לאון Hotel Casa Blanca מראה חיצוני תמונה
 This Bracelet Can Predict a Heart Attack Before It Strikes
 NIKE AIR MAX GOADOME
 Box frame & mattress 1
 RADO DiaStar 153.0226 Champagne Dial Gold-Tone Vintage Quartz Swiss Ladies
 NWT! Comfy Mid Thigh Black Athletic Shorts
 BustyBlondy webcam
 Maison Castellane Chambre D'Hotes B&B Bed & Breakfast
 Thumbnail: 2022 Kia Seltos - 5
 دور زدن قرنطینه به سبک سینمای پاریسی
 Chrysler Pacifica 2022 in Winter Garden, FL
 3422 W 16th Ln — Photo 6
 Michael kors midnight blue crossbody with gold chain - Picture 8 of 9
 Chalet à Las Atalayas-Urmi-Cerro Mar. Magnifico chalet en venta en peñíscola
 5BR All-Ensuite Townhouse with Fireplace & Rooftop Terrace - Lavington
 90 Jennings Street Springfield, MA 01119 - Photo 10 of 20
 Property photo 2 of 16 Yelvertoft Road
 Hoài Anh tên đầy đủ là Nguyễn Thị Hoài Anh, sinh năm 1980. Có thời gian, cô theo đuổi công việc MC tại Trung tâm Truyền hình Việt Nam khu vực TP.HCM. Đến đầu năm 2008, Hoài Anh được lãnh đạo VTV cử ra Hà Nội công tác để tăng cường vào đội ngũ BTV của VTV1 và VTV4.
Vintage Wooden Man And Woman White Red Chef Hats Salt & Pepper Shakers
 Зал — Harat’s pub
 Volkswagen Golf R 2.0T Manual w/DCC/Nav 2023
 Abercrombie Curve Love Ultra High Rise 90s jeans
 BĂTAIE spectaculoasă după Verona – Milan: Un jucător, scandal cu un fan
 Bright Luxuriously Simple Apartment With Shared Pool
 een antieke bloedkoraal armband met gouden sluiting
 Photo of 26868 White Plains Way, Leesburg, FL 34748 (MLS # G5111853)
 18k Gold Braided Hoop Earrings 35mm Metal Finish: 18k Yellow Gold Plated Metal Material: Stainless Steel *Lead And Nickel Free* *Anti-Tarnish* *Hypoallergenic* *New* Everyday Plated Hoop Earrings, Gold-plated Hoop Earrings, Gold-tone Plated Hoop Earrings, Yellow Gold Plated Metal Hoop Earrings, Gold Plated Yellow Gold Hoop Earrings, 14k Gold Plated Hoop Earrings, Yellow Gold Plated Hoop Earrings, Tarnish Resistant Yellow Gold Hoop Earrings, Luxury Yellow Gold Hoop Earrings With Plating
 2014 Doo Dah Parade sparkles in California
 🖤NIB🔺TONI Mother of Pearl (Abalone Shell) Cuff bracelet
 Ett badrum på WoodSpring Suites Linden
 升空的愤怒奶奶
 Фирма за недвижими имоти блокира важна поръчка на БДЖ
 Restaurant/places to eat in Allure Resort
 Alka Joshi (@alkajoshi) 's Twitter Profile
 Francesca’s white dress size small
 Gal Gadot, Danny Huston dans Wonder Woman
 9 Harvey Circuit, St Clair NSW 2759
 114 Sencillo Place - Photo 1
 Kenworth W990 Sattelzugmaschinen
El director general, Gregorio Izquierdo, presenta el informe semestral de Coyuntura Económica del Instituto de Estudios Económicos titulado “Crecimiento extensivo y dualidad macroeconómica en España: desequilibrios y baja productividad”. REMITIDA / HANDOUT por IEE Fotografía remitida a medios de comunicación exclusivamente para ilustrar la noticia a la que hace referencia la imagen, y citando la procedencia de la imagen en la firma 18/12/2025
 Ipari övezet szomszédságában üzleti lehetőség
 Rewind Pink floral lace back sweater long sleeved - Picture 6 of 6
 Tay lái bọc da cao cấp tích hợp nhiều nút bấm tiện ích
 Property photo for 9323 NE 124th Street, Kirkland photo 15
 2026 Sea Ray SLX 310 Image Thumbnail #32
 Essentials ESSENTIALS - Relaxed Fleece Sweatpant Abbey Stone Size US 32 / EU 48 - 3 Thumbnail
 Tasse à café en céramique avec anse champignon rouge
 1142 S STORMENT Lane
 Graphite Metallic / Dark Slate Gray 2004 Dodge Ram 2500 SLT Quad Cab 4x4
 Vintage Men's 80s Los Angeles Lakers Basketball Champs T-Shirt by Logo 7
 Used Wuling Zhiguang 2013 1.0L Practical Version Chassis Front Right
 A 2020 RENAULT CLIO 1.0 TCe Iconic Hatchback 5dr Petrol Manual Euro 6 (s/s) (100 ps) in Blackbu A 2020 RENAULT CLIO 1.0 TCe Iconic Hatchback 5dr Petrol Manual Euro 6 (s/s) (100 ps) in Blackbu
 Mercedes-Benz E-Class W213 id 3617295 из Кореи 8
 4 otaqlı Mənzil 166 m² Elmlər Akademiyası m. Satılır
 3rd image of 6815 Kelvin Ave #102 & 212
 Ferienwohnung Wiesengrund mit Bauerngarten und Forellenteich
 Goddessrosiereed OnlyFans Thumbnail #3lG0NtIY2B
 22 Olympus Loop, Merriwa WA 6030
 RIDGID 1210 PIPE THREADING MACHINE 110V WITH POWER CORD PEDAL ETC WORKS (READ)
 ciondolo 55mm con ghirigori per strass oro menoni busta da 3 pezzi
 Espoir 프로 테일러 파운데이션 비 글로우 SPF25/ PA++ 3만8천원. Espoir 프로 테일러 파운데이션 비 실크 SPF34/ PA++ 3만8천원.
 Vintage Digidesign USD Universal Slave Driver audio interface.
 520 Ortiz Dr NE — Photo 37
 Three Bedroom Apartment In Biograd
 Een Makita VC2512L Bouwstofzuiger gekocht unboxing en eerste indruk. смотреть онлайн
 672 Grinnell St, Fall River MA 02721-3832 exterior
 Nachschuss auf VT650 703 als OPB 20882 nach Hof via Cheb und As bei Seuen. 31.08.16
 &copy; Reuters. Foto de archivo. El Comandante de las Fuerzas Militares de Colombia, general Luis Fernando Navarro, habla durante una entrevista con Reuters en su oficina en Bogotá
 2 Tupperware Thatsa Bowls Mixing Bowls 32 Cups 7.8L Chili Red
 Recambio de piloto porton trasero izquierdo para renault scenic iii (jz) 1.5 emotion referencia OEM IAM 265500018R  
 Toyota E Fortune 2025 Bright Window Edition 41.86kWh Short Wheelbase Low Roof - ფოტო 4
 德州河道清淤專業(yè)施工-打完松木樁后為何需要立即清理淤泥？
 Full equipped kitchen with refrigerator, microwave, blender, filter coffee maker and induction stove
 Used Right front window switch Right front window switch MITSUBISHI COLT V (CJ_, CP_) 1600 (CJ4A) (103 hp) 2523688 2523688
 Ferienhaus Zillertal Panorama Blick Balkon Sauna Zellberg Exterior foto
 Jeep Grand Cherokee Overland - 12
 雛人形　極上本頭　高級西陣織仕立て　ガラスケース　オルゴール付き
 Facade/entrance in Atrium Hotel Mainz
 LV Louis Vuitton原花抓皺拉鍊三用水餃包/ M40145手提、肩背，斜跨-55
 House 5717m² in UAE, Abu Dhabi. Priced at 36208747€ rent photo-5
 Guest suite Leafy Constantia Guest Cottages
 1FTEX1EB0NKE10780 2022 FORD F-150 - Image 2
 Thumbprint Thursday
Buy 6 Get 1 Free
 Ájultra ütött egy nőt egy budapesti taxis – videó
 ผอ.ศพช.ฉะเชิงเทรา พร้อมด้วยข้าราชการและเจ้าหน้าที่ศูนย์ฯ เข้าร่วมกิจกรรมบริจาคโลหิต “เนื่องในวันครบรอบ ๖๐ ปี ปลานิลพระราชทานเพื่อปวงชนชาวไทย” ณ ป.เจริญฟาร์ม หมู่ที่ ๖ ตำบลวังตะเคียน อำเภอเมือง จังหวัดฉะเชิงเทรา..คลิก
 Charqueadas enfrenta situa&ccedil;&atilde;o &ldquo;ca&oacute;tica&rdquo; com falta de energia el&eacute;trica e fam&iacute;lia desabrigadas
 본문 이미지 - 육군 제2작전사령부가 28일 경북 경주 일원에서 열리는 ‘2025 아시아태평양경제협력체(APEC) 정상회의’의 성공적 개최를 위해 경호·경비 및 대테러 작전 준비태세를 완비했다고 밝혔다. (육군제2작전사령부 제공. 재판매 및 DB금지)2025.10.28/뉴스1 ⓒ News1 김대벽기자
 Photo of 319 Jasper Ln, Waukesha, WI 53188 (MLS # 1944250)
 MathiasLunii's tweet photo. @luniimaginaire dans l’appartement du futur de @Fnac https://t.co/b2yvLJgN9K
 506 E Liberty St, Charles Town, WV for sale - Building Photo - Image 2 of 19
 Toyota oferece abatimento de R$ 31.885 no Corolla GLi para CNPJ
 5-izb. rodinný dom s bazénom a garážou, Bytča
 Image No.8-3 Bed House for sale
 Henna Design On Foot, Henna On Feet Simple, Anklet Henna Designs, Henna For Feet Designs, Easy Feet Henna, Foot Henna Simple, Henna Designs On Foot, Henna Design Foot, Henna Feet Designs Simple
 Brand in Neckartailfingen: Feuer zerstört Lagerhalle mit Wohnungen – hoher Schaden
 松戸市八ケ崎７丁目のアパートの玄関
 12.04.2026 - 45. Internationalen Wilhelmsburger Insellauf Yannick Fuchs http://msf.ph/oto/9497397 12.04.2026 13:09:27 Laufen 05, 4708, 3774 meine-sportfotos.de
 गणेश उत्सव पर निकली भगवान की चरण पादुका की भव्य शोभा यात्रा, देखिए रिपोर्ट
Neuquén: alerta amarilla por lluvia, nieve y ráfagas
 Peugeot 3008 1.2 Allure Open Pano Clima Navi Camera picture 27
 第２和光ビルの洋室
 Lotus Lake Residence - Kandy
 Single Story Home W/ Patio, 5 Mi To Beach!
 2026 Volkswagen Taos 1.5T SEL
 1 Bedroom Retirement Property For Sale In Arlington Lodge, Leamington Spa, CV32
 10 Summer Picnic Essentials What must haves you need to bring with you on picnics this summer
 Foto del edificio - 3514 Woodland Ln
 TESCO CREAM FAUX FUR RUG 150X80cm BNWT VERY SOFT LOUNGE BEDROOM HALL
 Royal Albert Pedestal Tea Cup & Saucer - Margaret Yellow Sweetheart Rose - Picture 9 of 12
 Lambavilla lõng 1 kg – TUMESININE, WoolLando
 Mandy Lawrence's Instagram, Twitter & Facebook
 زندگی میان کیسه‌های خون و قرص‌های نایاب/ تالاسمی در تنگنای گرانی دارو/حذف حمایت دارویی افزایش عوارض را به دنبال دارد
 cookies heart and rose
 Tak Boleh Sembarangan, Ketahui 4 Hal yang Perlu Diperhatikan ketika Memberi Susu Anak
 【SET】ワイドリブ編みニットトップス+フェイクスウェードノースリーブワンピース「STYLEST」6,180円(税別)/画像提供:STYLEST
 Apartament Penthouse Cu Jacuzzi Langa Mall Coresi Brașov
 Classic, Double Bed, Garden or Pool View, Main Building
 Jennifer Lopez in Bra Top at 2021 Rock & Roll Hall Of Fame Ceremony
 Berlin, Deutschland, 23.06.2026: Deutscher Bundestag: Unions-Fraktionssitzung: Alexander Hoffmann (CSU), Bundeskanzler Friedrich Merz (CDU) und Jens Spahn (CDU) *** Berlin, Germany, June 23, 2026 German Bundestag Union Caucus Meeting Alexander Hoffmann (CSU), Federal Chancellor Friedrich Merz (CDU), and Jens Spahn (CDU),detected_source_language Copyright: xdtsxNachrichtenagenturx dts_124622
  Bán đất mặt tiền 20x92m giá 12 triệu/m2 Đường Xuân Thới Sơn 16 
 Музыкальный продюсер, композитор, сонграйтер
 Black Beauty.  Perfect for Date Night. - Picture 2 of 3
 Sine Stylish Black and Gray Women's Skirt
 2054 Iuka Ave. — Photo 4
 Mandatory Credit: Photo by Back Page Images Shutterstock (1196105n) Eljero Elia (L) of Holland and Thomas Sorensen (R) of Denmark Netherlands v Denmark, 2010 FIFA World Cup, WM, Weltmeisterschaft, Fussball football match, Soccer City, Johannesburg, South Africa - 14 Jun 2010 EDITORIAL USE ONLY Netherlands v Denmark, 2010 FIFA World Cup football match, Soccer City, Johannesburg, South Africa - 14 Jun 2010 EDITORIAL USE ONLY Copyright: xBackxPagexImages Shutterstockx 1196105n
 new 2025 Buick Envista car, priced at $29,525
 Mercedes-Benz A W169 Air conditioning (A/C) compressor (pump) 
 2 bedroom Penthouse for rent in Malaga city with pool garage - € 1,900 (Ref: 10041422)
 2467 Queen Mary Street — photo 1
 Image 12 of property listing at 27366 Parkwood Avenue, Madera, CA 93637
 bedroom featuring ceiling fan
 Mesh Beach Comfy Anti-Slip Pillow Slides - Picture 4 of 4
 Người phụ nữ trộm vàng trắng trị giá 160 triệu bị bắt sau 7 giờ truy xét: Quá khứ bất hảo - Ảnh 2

···

*PROBLEM TO WORK ON*
Please copy the lines in the records above between the one holding "본문 이미지 - 육군" and the one holding "Image No.8-3 Bed House for sale", inclusive, exactly and with no other line.

*THE ANSWER*
 본문 이미지 - 육군 제2작전사령부가 28일 경북 경주 일원에서 열리는 ‘2025 아시아태평양경제협력체(APEC) 정상회의’의 성공적 개최를 위해 경호·경비 및 대테러 작전 준비태세를 완비했다고 밝혔다. (육군제2작전사령부 제공. 재판매 및 DB금지)2025.10.28/뉴스1 ⓒ News1 김대벽기자
 Photo of 319 Jasper Ln, Waukesha, WI 53188 (MLS # 1944250)
 MathiasLunii's tweet photo. @luniimaginaire dans l’appartement du futur de @Fnac https://t.co/b2yvLJgN9K
 506 E Liberty St, Charles Town, WV for sale - Building Photo - Image 2 of 19
 Toyota oferece abatimento de R$ 31.885 no Corolla GLi para CNPJ
 5-izb. rodinný dom s bazénom a garážou, Bytča
 Image No.8-3 Bed House for sale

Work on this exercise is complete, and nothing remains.